The answer should match the records character for character.

Excerpts from a dataset:

********

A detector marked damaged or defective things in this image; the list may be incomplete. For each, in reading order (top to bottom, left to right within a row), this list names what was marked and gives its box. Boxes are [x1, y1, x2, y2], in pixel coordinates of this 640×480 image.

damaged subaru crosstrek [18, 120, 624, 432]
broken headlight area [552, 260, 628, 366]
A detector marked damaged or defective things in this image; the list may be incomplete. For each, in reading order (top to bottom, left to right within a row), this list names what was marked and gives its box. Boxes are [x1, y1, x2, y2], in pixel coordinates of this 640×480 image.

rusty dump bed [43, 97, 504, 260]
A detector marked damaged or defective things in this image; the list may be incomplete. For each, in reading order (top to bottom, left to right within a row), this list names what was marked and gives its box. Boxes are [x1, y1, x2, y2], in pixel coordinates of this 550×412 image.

********

» Your solution:
A detector marked damaged or defective things in this image; the list may be incomplete. For each, in reading order (top to bottom, left to right within a row), this list names what was marked and gives its box. Boxes are [x1, y1, x2, y2], in pixel coordinates of this 640×480 image.

damaged subaru crosstrek [18, 120, 624, 432]
broken headlight area [552, 260, 628, 366]
A detector marked damaged or defective things in this image; the list may be incomplete. For each, in reading order (top to bottom, left to right within a row), this list names what was marked and gives its box. Boxes are [x1, y1, x2, y2], in pixel coordinates of this 640×480 image.

rusty dump bed [43, 97, 504, 260]
A detector marked damaged or defective things in this image; the list may be incomplete. For each, in reading order (top to bottom, left to right within a row), this list names what was marked and gives its box. Boxes are [x1, y1, x2, y2], in pixel coordinates of this 550×412 image.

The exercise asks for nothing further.